Je suis un pêcheur d’instants, un guetteur de charmes, toujours prêt à prendre les surprises comme elles arrivent.
C’est tout un art de pêcher les instants inattendus, ces petits êtres vivants qui pullulent et frétillent dans tous les sens. Ils se coulent dans les larmes, se plongent dans des regards et s’éclaboussent dans les rires.
L’existence m’a appris qu’ils sont innombrables, même sous les surfaces les plus lisses en apparence. C’est à cause de ce paradoxe vivant entre multitude et rareté que j’ai attrapé le virus; un peu comme une grippe heureuse.

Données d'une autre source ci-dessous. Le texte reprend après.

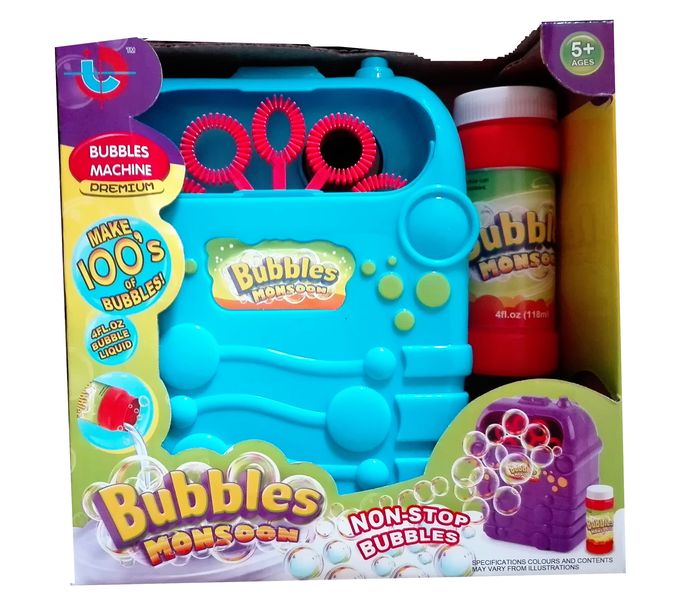 Bubble Machine with Bubble Solution - 118ml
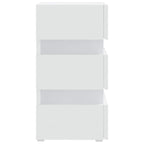 Zorell - Sängskåp LED vit 45x35x67 cm konstruerat trä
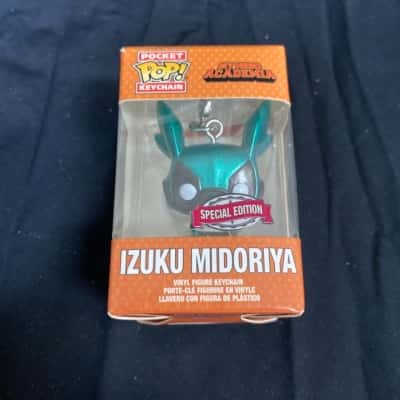 My Hero Academia Izuku Midoriya Pocket Pop Vinyl Keychain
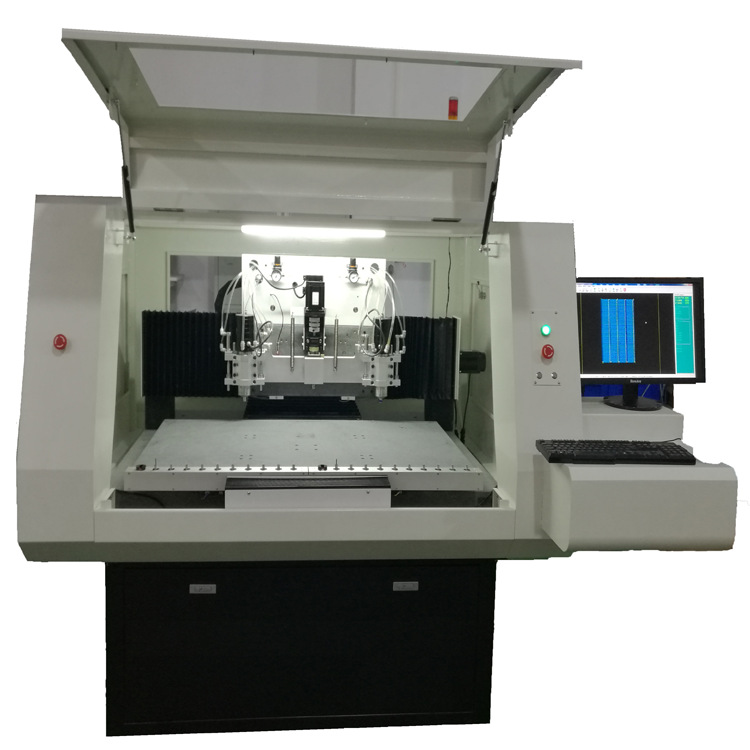 二手两轴pcb数控钻铣机,二手两轴锣机,二手双头pcb数控钻铣机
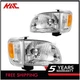 2pcs Headlight Assemblies w/ Bulb For 2001-2004 Toyota Tacoma Right & Left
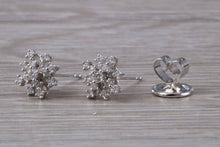 Load image into Gallery viewer, Dressy Diamond Cluster set 18ct White Gold Stud Earrings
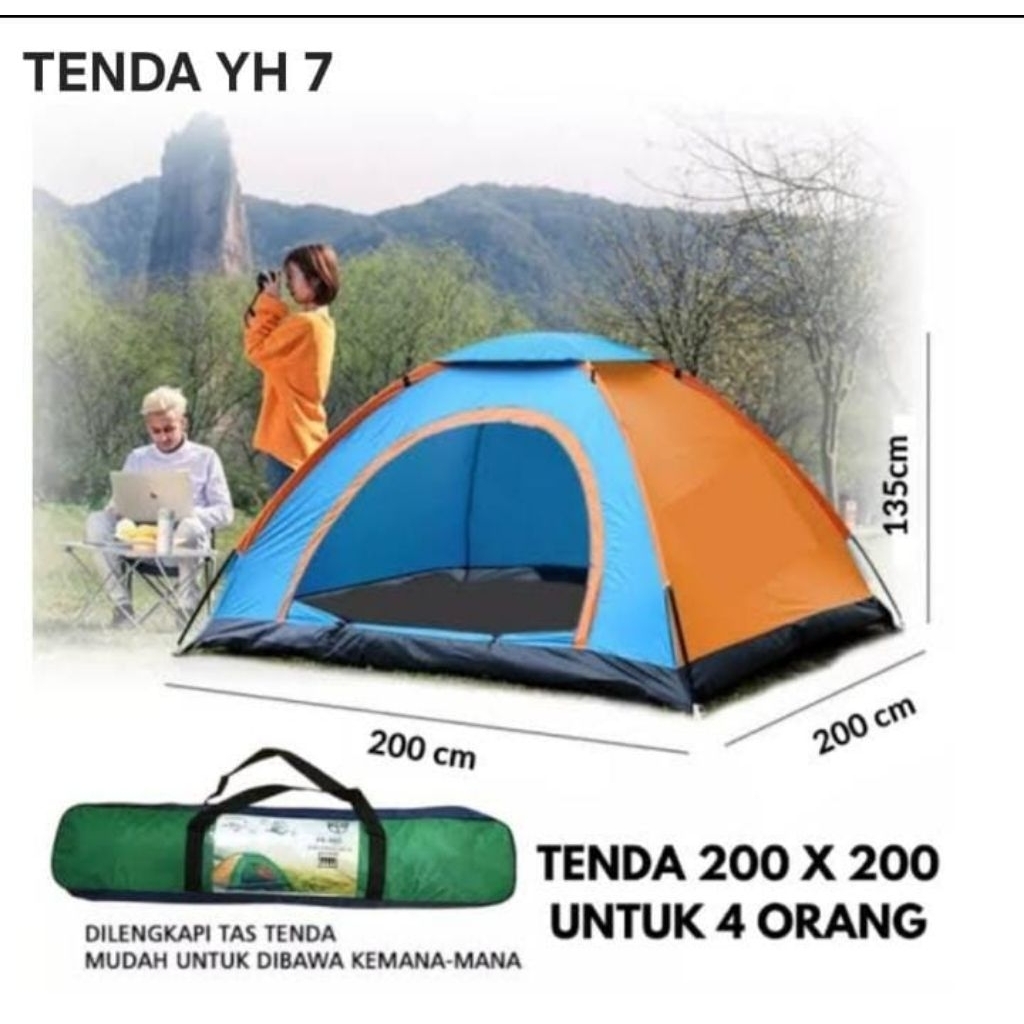 Tenda camping / tenda kemah outdoor import grosir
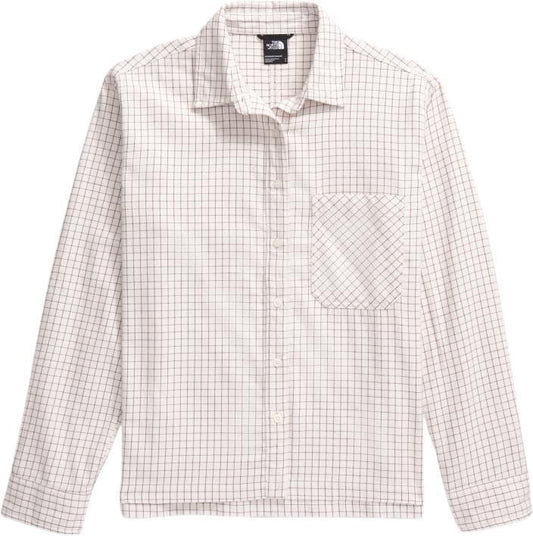 Arroyo Lightweight Flannel Shirt - Womens - white dune grid plaid 1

Je n’aime rien tant que tremper ma ligne dans les filets de vie frémissants, là où se complait le fretin, où fraye la joie ; en un mot là où batifolent les instants sans importance. Je peux passer des heures à contempler mon bouchon danser sur les vaguelettes, s’étourdir dans les tourbillons, disparaître dans les chutes et s’enfoncer parfois. Il se prend bien de temps en temps dans les branches quand les arbres sont sans vergogne, mais je prends toujours le temps de démêler sans rouscailler la perruque qu’il a infligée au fil.
Une libellule bleue se perche parfois sur le liège rouge, le couchant du frémissement de ses ailes ; instants aussi aériens qu’inattendus qui me font manquer d’autres instants plus secrets. Mais je n’en ai cure. Un instant vaut bien un autre instant, après tout.
Quand j’ai commencé la pêche, j’ai fait l’acquisition d’une nasse à instants dans le but de les retenir le plus longtemps possible, mais l’opération ne fut pas une réussite; les instants sont si agiles et furtifs qu’ils passent presque tous par maille et se perdent pour toujours. Car il faut savoir qu’un instant piégé une première fois devient très méfiant et pratiquement impossible à rattraper par la suite.
Fort de mes expériences du début, je ne pouvais me résoudre à continuer la traque aux instants sans-gêne, ceux qui remuent la vase de la haine ou de la rancœur et bousculent tout sur leur passage. Ce sont le plus souvent de très grosses pièces qui cassent le crin et vous laissent tout démuni, désemparé sur la berge. D’autant que leur chair se révèle le plus souvent médiocre. Aussi, ai-je préféré doter mon bas de ligne d’une sorte de petit hameçon ventouse ; un de ceux qui ne blessent pas la mâchoire ; même des plus petites sofies. J’aime l’épisode magique où l’instant d’argent jaillit de son élément tout ruisselant de vie. Je le ramène doucement sur la rive, prends le temps de contempler ses écailles soleil et le coule doucement dans le courant où sa fuite vers d’autres bancs d’instants me fascine à chaque fois.
Le soir lorsque je rentre fourbu et heureux de ma journée de pêche aux instants, je me remémore les plus belles prises avant de m’endormir pour profiter plusieurs fois de celles qui m’ont donné le plus de joie.
L’autre jour j’ai rendu visite au marchand d’articles de prises. Une petite vendeuse jolie comme un cœur s’est approchée de moi au son du carillon de l’entrée. C’est le moment que son téléphone a choisi pour la figer sur place : « excusez-moi je ne vais pas pouvoir m’occuper de vous pour l’instant… »
J’ai eu un petit pincement au cœur à l’idée que cet instant précis ne serait pas dans les plus belles prises de ma journée.